* Exercise details: Copy exactly the lines of the material below that fall between the line with "BMW Serie 3 SERIE 3 AUTO" and the line with "On Christian Belief by Ramsey Augustine", both of those lines included; pictures stay out.

* Records for processing:
BEGIN
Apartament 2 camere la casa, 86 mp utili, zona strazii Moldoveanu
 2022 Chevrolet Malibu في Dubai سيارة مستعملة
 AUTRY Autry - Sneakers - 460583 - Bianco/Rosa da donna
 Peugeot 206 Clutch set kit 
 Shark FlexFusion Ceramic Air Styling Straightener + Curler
END
BEGIN
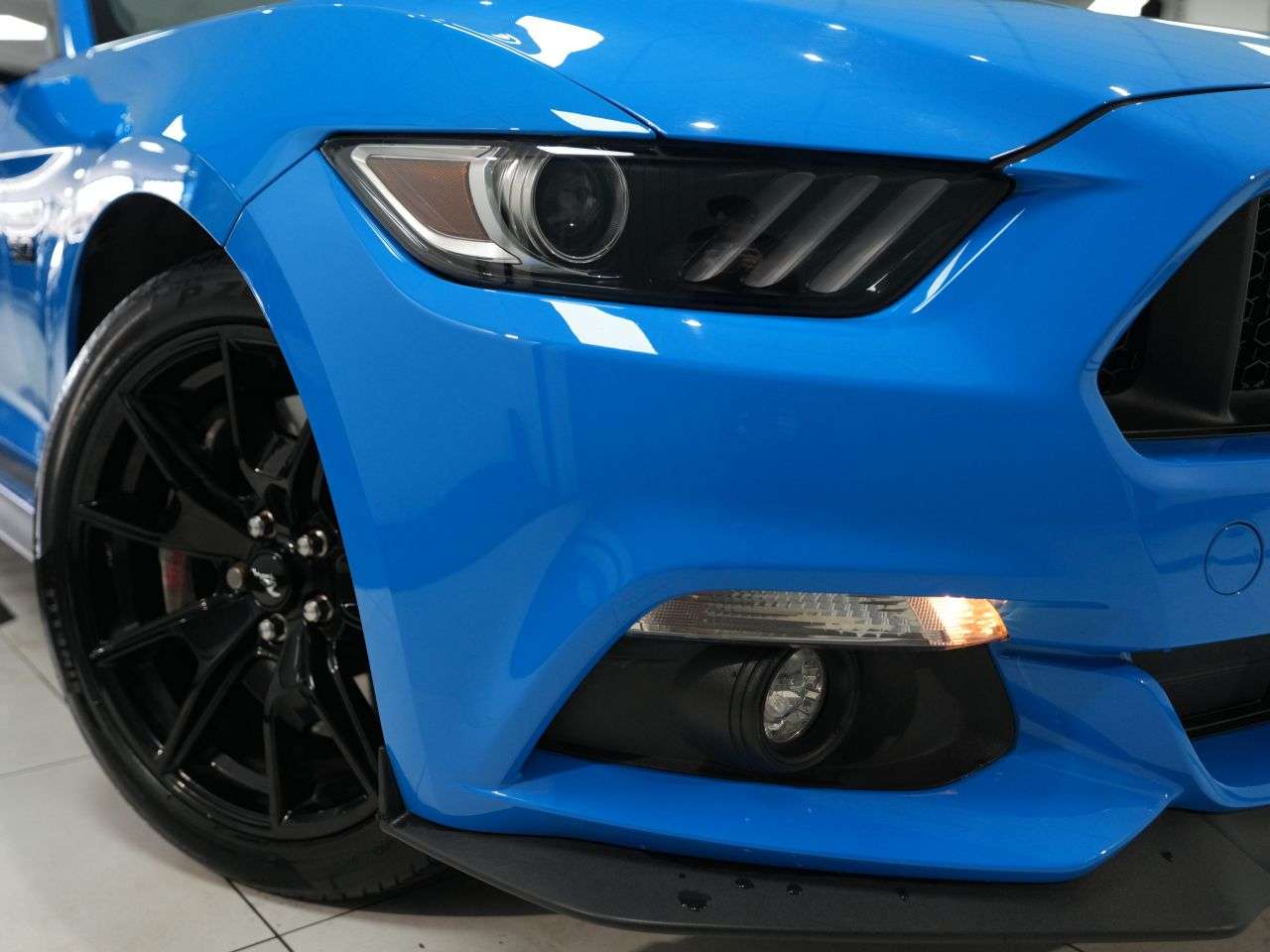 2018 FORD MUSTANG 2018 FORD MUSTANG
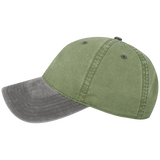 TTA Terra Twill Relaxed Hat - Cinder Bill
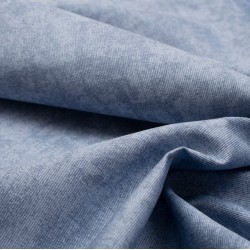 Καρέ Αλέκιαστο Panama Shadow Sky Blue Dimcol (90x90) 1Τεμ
END
BEGIN
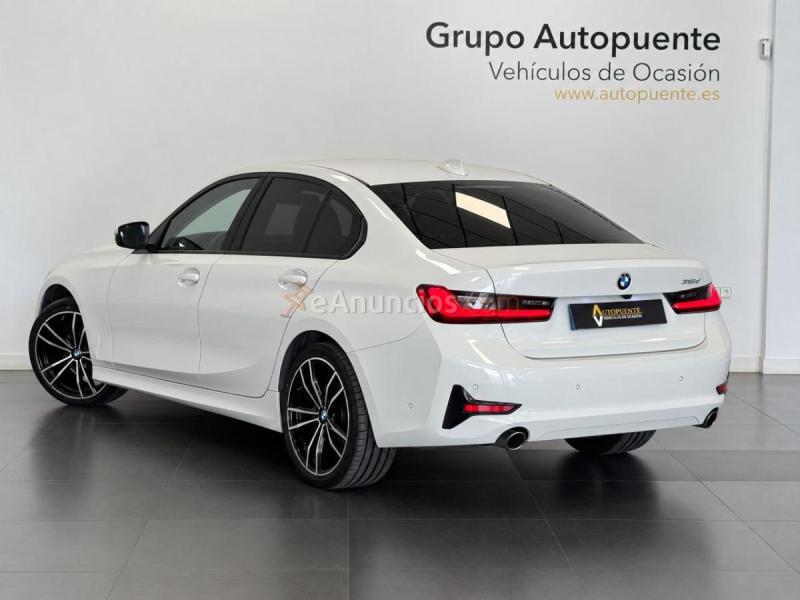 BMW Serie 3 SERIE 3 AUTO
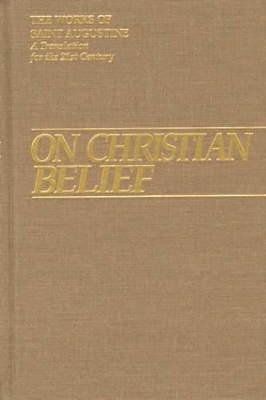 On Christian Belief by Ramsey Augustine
END
* Solved problem:
 BMW Serie 3 SERIE 3 AUTO
 On Christian Belief by Ramsey Augustine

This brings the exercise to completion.